Could you print the listing again exactly, omitting the pictures?

## Provided material

★ ★ ★ ★

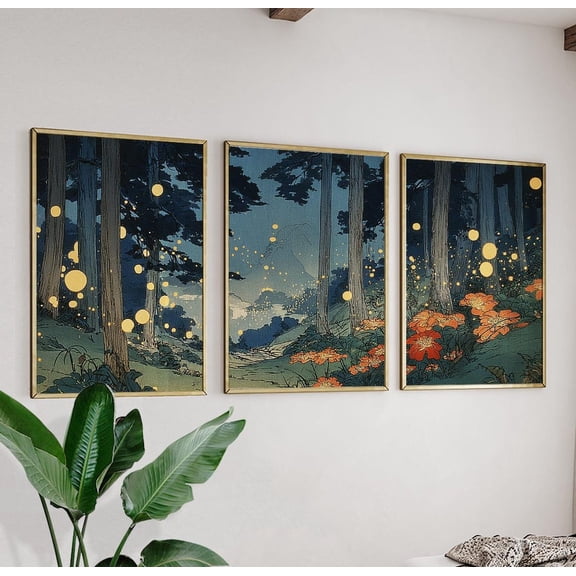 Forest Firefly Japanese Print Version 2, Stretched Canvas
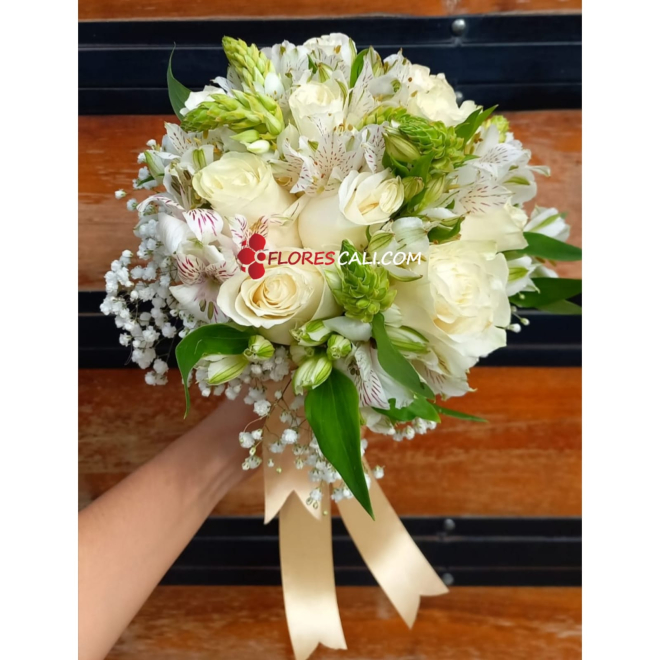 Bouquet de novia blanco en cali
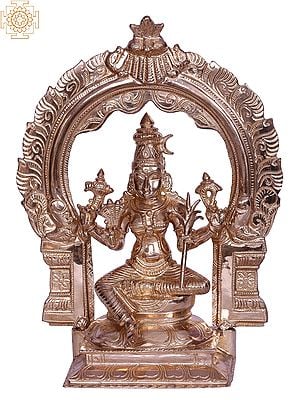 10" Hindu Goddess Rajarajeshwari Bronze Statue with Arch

★ ★ ★ ★

## Expected output
 Forest Firefly Japanese Print Version 2, Stretched Canvas
 Bouquet de novia blanco en cali
 10" Hindu Goddess Rajarajeshwari Bronze Statue with Arch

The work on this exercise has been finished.